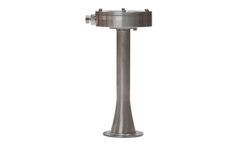 Prima - Model PAS 420 - Acoustic Cleaner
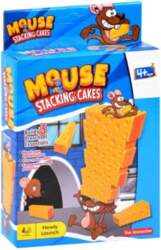 - Galda spēle Mouse Stacking Game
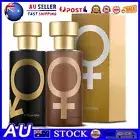 1/2PCS Lure Him Lure Her Best Sex Pheromones Attractant Oil for Men and Women·
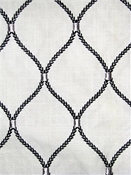 Deane Embroidery Zinc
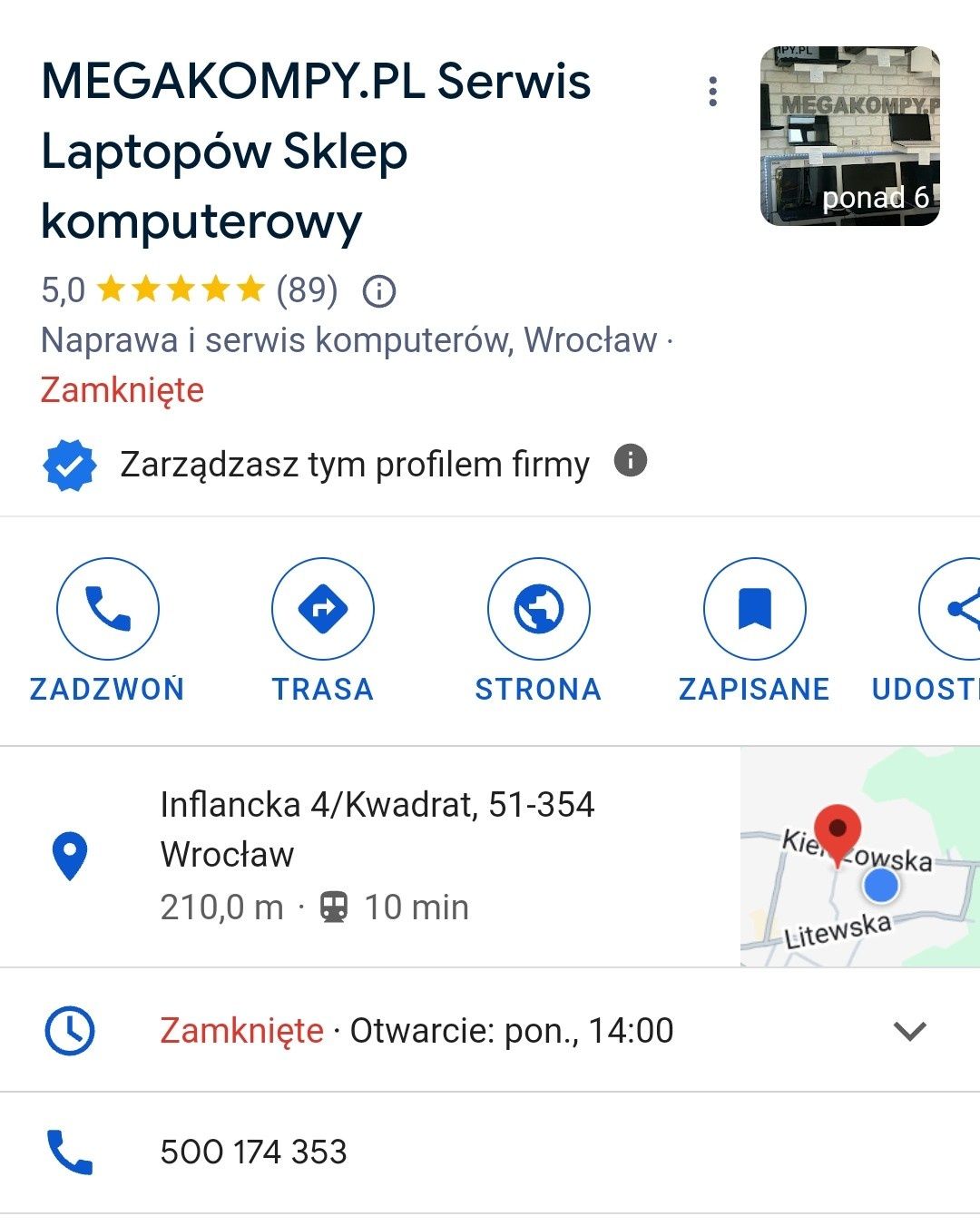 Komputer Gamingowy MSI 3.5GHz /GTX /2 dyski /Windows 11 /Sklep /Gwaran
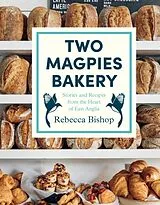Fester Einband Two Magpies Bakery von Rebecca Bishop
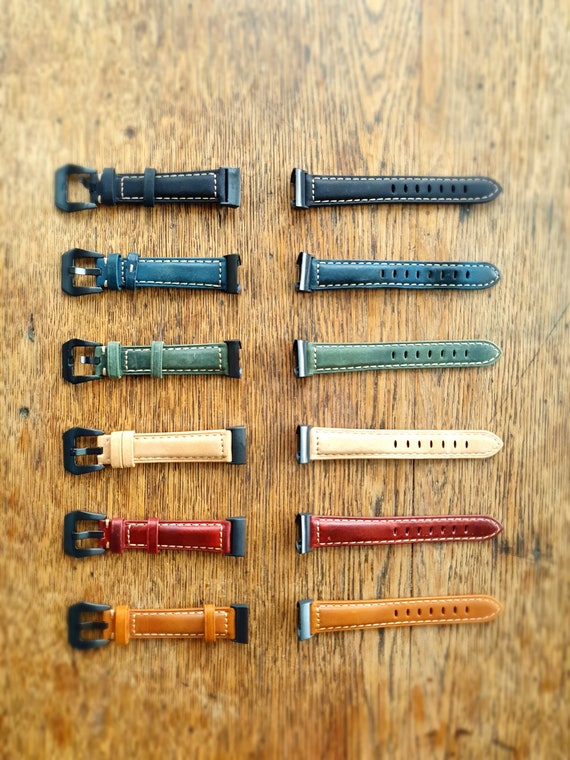 Genuine fitbit charge 3 band sale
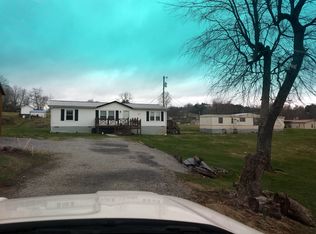 171 Griffith Dr, Castlewood, VA 24224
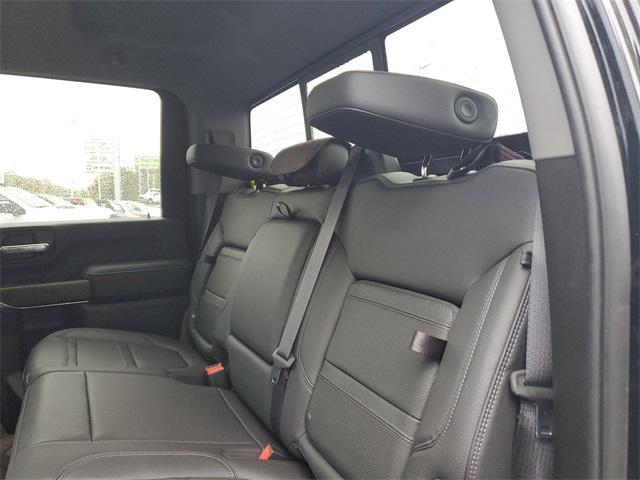 used 2021 GMC Sierra 2500 car, priced at $56,832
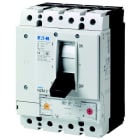 Eaton Electric - NZMH2-4-A63 KOMPL.EFFEKTBRYTER 4P 63A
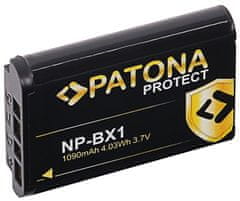 PATONA baterija za Sony NP-BX1 1090mAh Li-Ion Protect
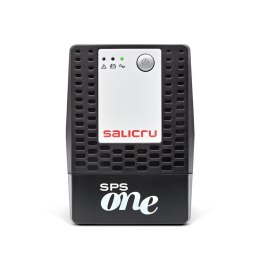 Salicru SPS 500 ONE BL IEC zasilacz UPS Technologia line-interactive 0,5 kVA 240 W 4 x gniazdo sieciowe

◇ ◇ ◇

**EXERCISE OBJECTIVE:** Copy back, word for word, every line between the top of the material above and the line that contains "171 Griffith Dr, Castlewood, VA 24224", both included, without any pictures.

**OUTPUT OF THE TASK:**
 Prima - Model PAS 420 - Acoustic Cleaner
 - Galda spēle Mouse Stacking Game
 1/2PCS Lure Him Lure Her Best Sex Pheromones Attractant Oil for Men and Women·
 Deane Embroidery Zinc
 Komputer Gamingowy MSI 3.5GHz /GTX /2 dyski /Windows 11 /Sklep /Gwaran
Fester Einband Two Magpies Bakery von Rebecca Bishop
 Genuine fitbit charge 3 band sale
 171 Griffith Dr, Castlewood, VA 24224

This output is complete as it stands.